You mean "Professor Lindzen who is is a dynamical meteorologist with interests in the broad topics of climate, planetary waves, monsoon meteorology, planetary atmospheres, and hydrodynamic instability. His research involves studies of the role of the tropics in mid-latitude weather and global heat transport, the moisture budget and its role in global change, the origins of ice ages, seasonal effects in atmospheric transport, stratospheric waves, and the observational determination of climate sensitivity. He has made major contributions to the development of the current theory for the Hadley Circulation, which dominates the atmospheric transport of heat and momentum from the tropics to higher latitudes, and has advanced the understanding of the role of small scale gravity waves in producing the reversal of global temperature gradients at the mesopause. He pioneered the study of how ozone photochemistry, radiative transfer and dynamics interact with each other. He is currently studying the ways in which unstable eddies determine the pole to equator temperature difference, and the nonlinear equilibration of baroclinic instability and the contribution of such instabilities to global heat transport. He has also been developing a new approach to air-sea interaction in the tropics, and is actively involved in parameterizing the role of cumulus convection in heating and drying the atmosphere. He has developed models for the Earth's climate with specific concern for the stability of the ice caps, the sensitivity to increases in CO2, the origin of the 100,000 year cycle in glaciation, and the maintenance of regional variations in climate.

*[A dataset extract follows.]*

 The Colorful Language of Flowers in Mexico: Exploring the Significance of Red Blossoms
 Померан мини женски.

In cooperation with colleagues and students, he is developing a sophisticated, but computationally simple, climate model to test whether the proper treatment of cumulus convection will significantly reduce climate sensitivity to the increase of greenhouse gases. Prof. Lindzen is a recipient of the AMS's Meisinger, and Charney Awards, and AGU's Macelwane Medal. He is a corresponding member of the NAS Committee on Human Rights, a member of the NRC Board on Atmospheric Sciences and Climate, and a Fellow of the AAAS1. He is a consultant to the Global Modeling and Simulation Group at NASA's Goddard Space Flight Center, and a Distinguished Visiting Scientist at California Institute of Technology's Jet Propulsion Laboratory. (Ph.D., '64, S.M., '61, A.B., '60, Harvard University)"
(
http://www-eaps.mit.edu/faculty/lindzen.htm) ?
There are many papers, as I listed. I guess that if the "climate" for dissenting scientist were more friendly you could find more, as you do in chinese and russian P.R. magazines.

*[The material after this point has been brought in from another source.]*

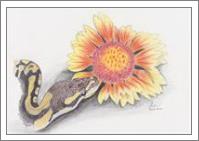 Snake And Flower - No-Wrap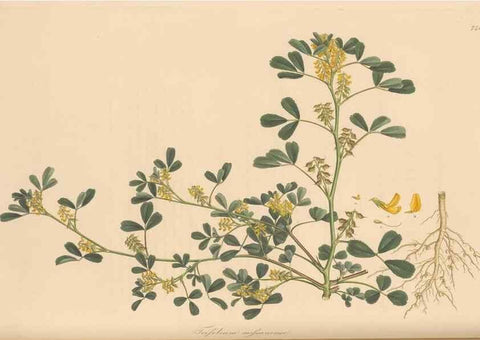 Reproducción/Reproduction 49579825036: Flora Graeca, sive, Plantarum rariorum historia, quas in provinciis aut insulis Graeciae /. Londini :Typis Richardi Taylor et socii, in Vico Shoe-Lane :MDCCCVI-MDCCCXL [1806-1840]..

I can compile a lists of first class meteorologists and climate scientists who dissent about AGW but I'm pretty sure that it would be ignored as usual and it can be seem as an appeal to autority, so what's the point?
And about the social scentist Oreskes, I'd rather look at Benny Peiser.
There really isn’t many anti-AGW appearing in peer reviewed literature. Anyone who scans the major peer review journals will easily note the lack of anti-AGW papers. Lindzen is actually a good example, but not in the way you think. He hasn’t published on climate change in a peer review journal in over a decade.
Oreskes-2004 In a paper itself published in Science she reviewed 10 years of papers published in Science with the words “climate change” of the 928 papers not one was anti-AGW while 75% either explicitly or implicitly accepted the view that climate change was occurring and was caused by humans. Peer review came up with a handful of papers which may have vaguely been ant-AGW, but this still pales in comparison to the 100s on the other side.
In other words the peer review literatrue is very hevily weighted to one side in this debate. Hence the claim "our work is being surpressed" but how often have we hears that from people peddling fake science?